:: MATERIAL FOR THE TASK ::

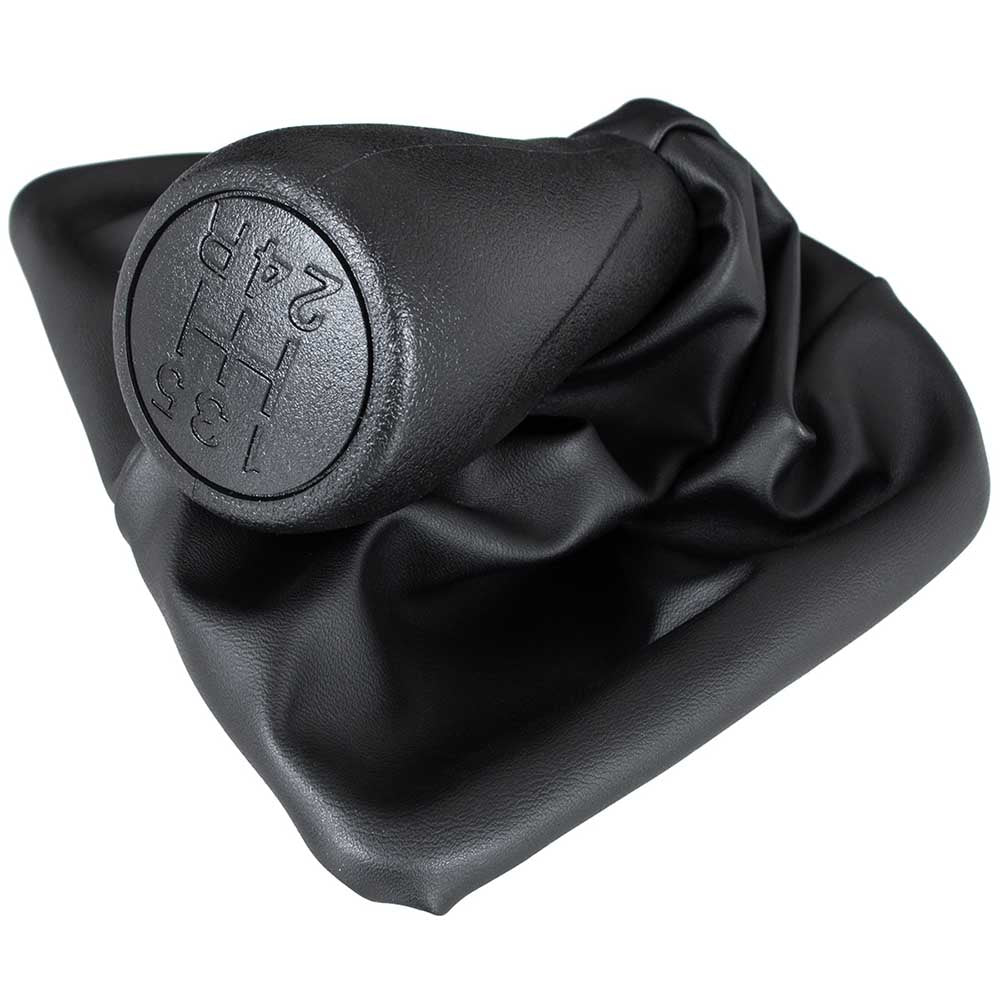 Fiat Qubo váltószoknya szett 5 sebességes 2008-2016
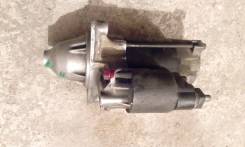 Стартер. Toyota: Corolla, Corsa, Tercel, Cynos, Corona, Corolla II, Caldina, Carina, Paseo, Sprinter, Sera, Starlet Двигатели: 2ELU, 2EL, 2ELC, 2E, 3E...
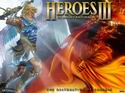Heroes of Might & Magic 3: The Restoration of Erathia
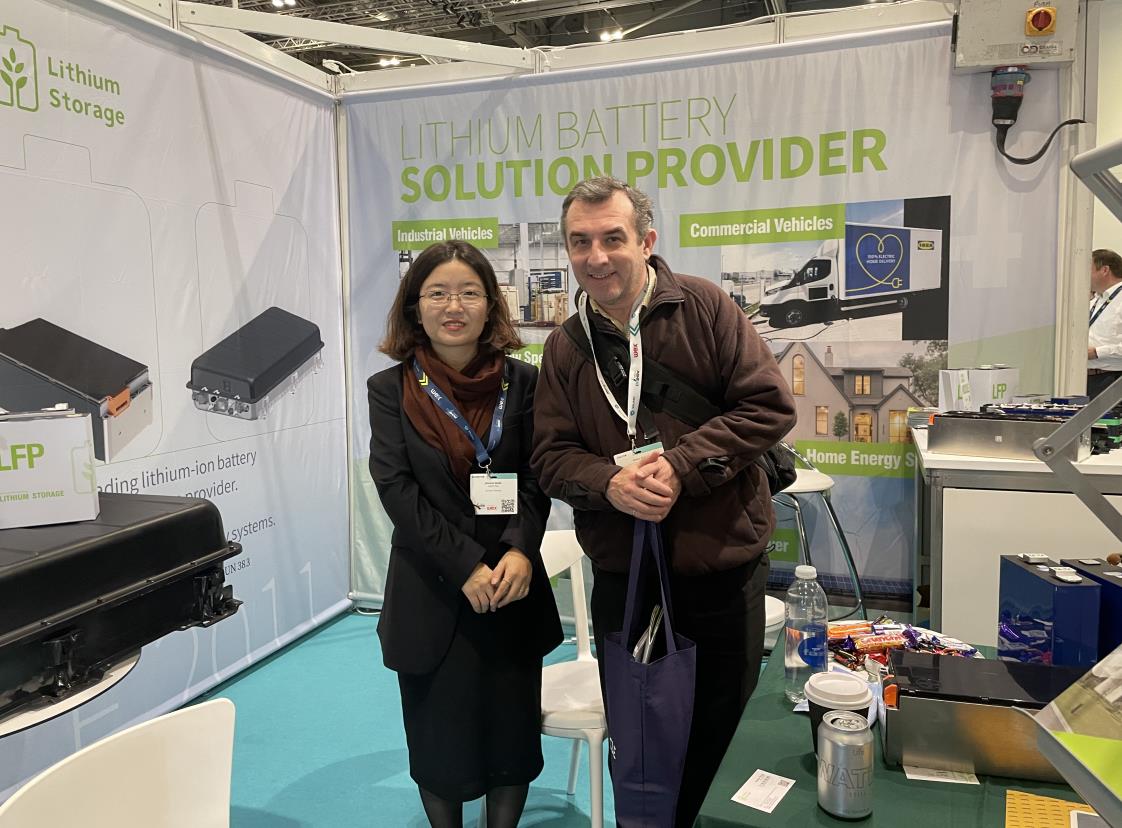 lithium-storage-particaipated-in-the-london-ev-show-of-2022.jpg lithium-storage-particaipated-in-the-london-ev-show-of-2022.jpg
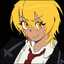 catboymanservant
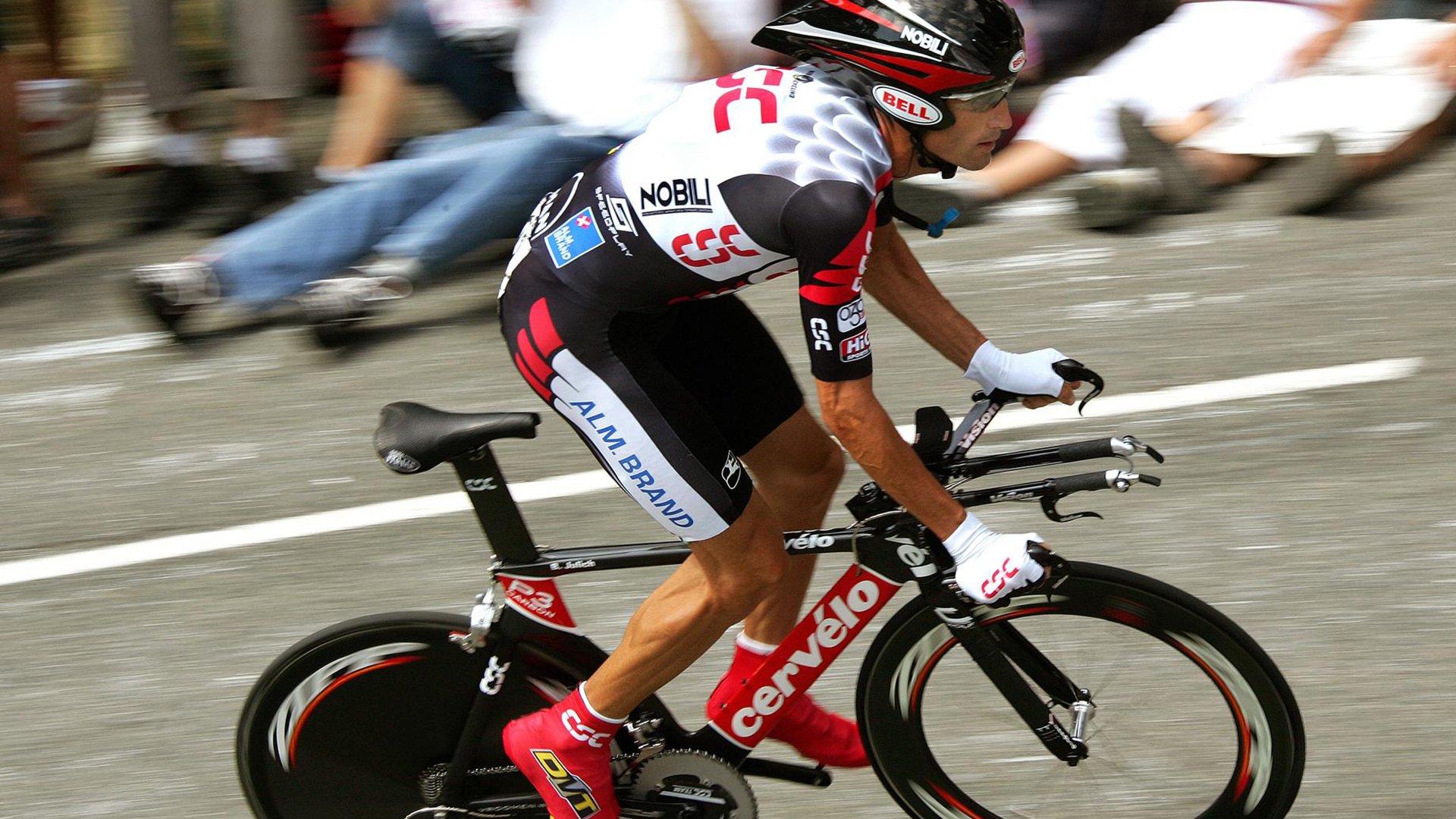 图卢兹围绕速度展开战术布置,图卢兹怎么样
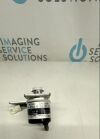TOSHIBA PREY-2E5P/200 Rotary Encoder Cath Angio Lab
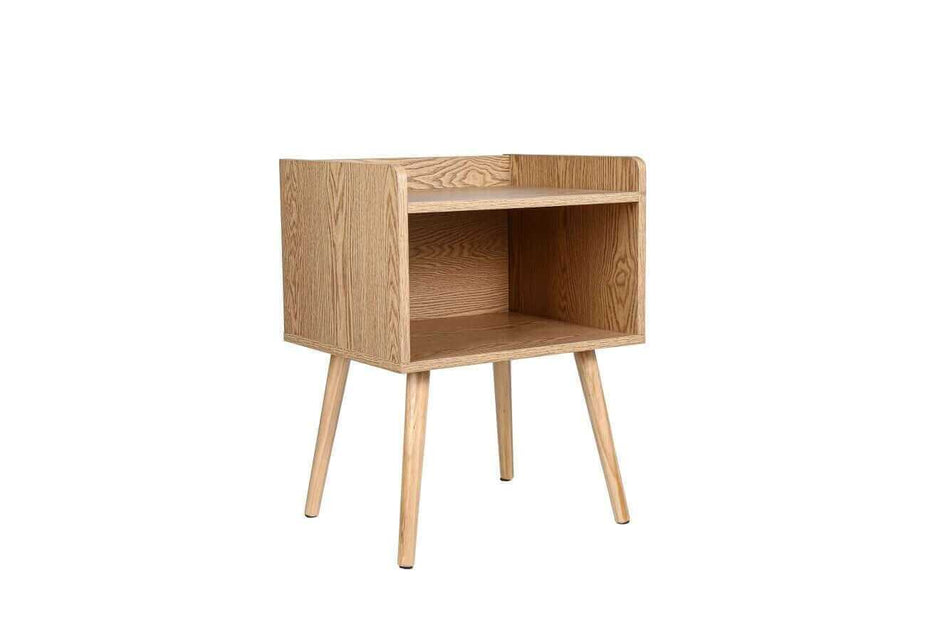 affordable Bedside Table 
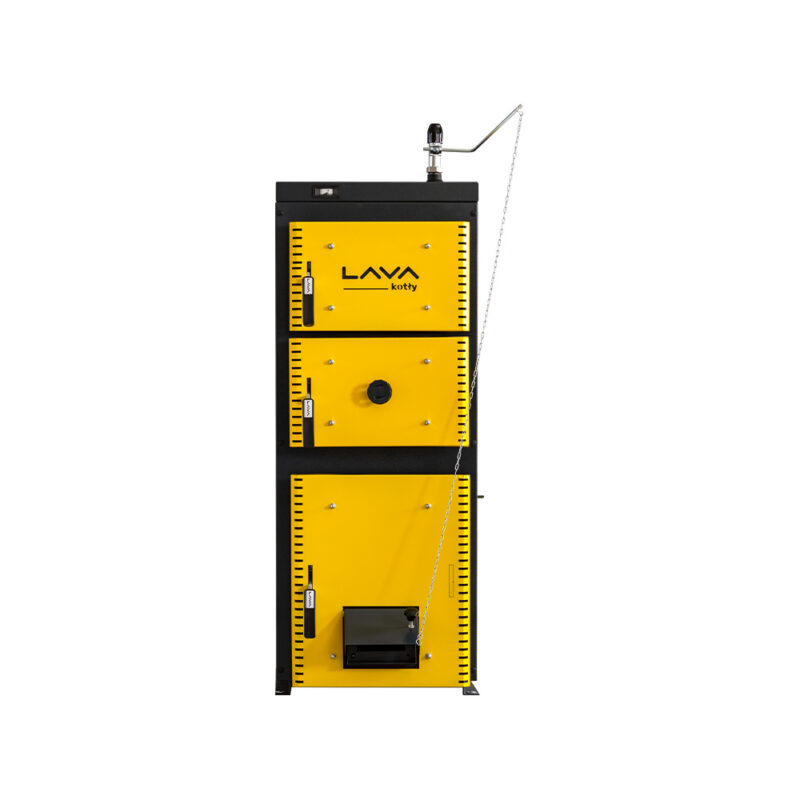 Kocioł UniTech 24kW
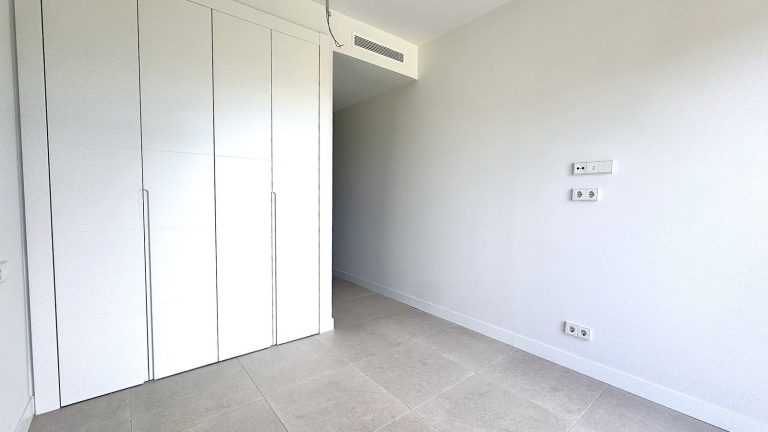 679bea419a6af35f0027b4fd45c7b7f3 - 14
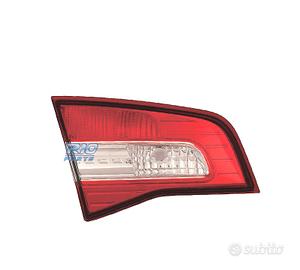 FANALE SINISTRO RENAULT KOLEOS 08-11 INTERNO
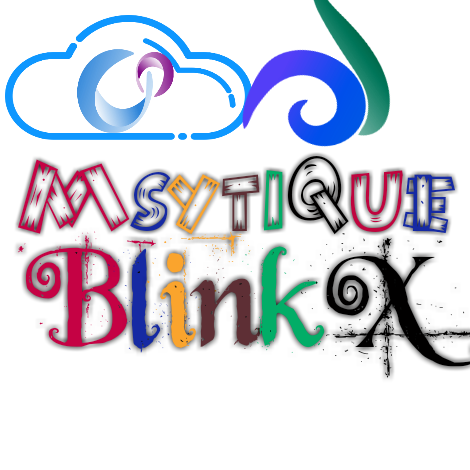 MyLogoArt20180520174731.png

:::

Beginning with the line containing "FANALE SINISTRO RENAULT KOLEOS 08-11 INTERNO" and ending with the last line of the data above, repeat each line exactly. Include no pictures and no other lines.

RESPONSE »
 FANALE SINISTRO RENAULT KOLEOS 08-11 INTERNO
 MyLogoArt20180520174731.png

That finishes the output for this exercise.